A stalemate has prevented Democrats from taking control of key committees since the chamber is operating under the rules of the last Congress, when the GOP was in charge, delaying consideration of attorney general nominee Merrick Garland, who is expected to receive bipartisan support.

Sen. Lindsey Graham, the chairman of the Senate Judiciary Committee, rejected a Democratic request on Monday to schedule Garland’s confirmation hearing on February 8, arguing that the Senate needs to focus on the impeachment trial of former president Donald Trump, which is set to start the following day.

The South Carolina Republican said in a letter that a “one-day hearing” was “insufficient,” and noted that previous attorney general nominees received two-day hearings.

“When the Senate’s focus is required to consider whether to bar a former president from being reelected, other business must stop,” Graham wrote. “Proceeding with the confirmation of an attorney general and the impeachment of a former president at the same time would give neither the attention required.”

Until Senate Republican Leader Mitch McConnell and Senate Majority Leader Chuck Schumer strike an agreement, Graham will continue to determine the panel’s schedule rather than Illinois Democratic Sen. Dick Durbin. The party leaders could finalize a deal as soon as Tuesday; Graham said he guessed he’d be Judiciary Committee chairman for “another day or two.”

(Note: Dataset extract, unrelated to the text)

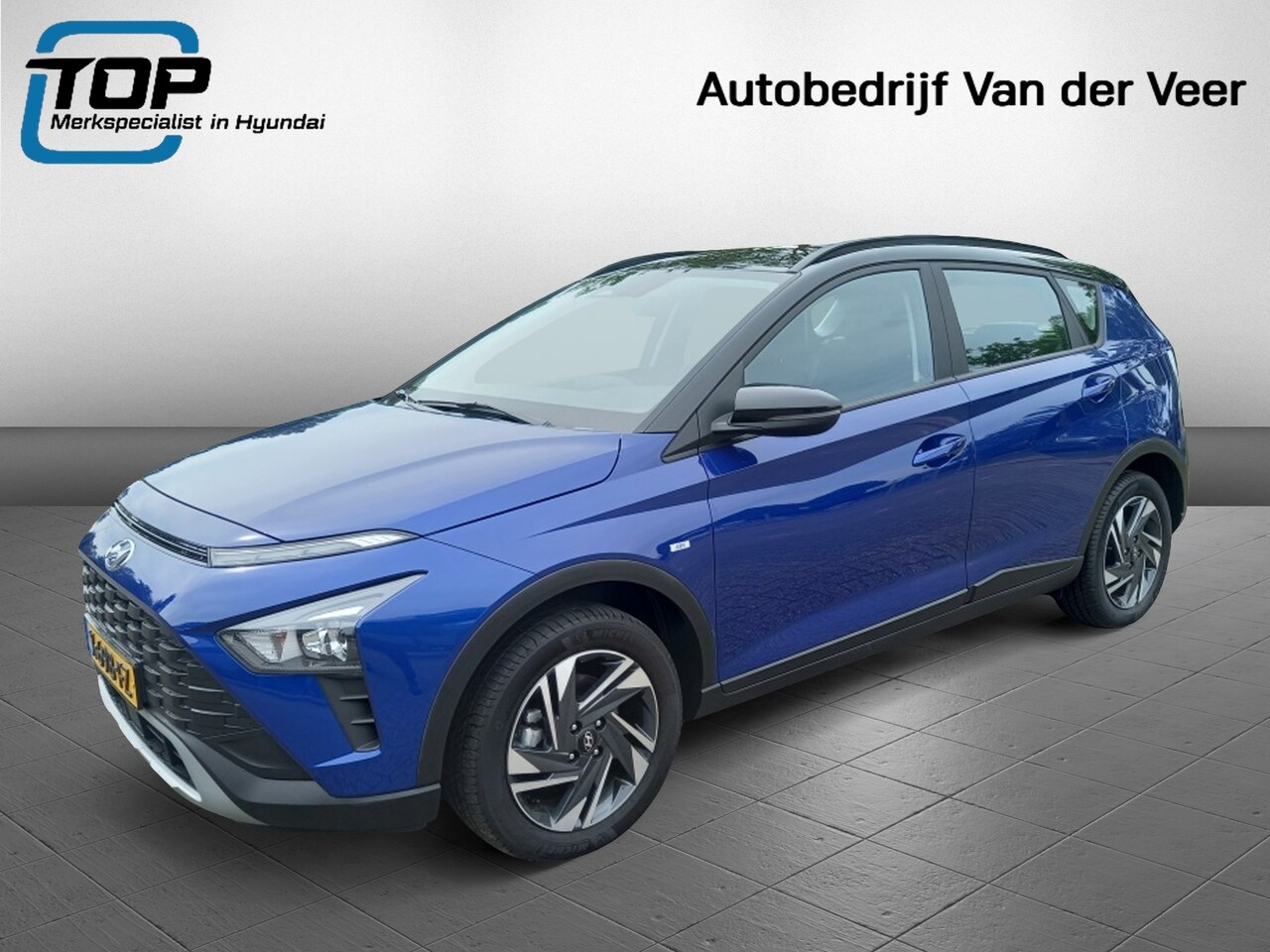 Hyundai Bayon - 1.0 T-GDI Comfort Automaat - AutoWereld.nl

McConnell declined Tuesday to comment on the topic. Party leaders are haggling over a final few points, including how to structure committee budgets, before finalizing the power-sharing agreement that will officially allow Democrats to take their chairmanships, according to Senate officials familiar with the talks. Democrats hold a majority in the 50-50 Senate because Vice President Kamala Harris has the power to break tie votes in the chamber.

The negotiations were held up for more than a week over a disagreement about whether Democrats had to promise in writing that they wouldn’t blow up the filibuster. McConnell ended his request after moderate Democratic Sens. Joe Manchin of West Virginia and Kyrsten Sinema of Arizona said they had no plans to vote to eliminate the filibuster anytime soon.

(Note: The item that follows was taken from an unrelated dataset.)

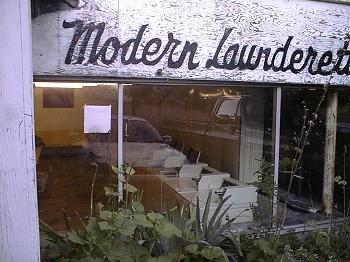 Modern Launderette, aka the Post Nuclear Laundromat / SeacoastNH.com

Durbin blamed McConnell for the holdup and said he has “several options” to schedule Garland’s hearing. He declined to provide details.

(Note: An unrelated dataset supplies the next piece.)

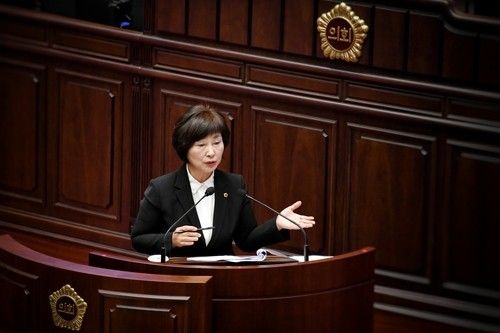 부산시의회 문영미 의원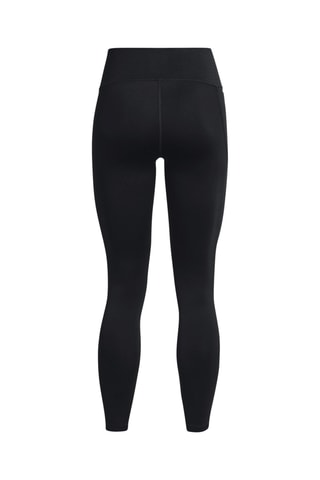 SportLegging Hoge Taille Cold Weather - Zwart - Under Armour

“I don’t like any of them,” he said. “I think February 8 is the best, fairest way to do it.”

“Sorry to say that Judge Merrick Garland, who is a wonderful man, is going to retire the trophy for bad behavior by the United States Senate,” he added, referring to how Garland’s nomination to the Supreme Court was ignored by the GOP Senate majority in 2016.

Some Senate Republicans have indicated they would vote to confirm Garland, including McConnell, according to The New York Times.

Texas Sen. John Cornyn, a Republican on the Judiciary Committee, said Tuesday he’s inclined to vote for Garland. He said he would support an “early” committee hearing and would “encourage” Graham to schedule one.

“I would support an early markup for Merrick Garland,” Cornyn said. “I think he’s not political, which is my number one criterion for the next attorney general.”

Graham said he also liked Garland.

“I’ll probably vote for him,” said the senator.

This story has been updated with additional developments Tuesday.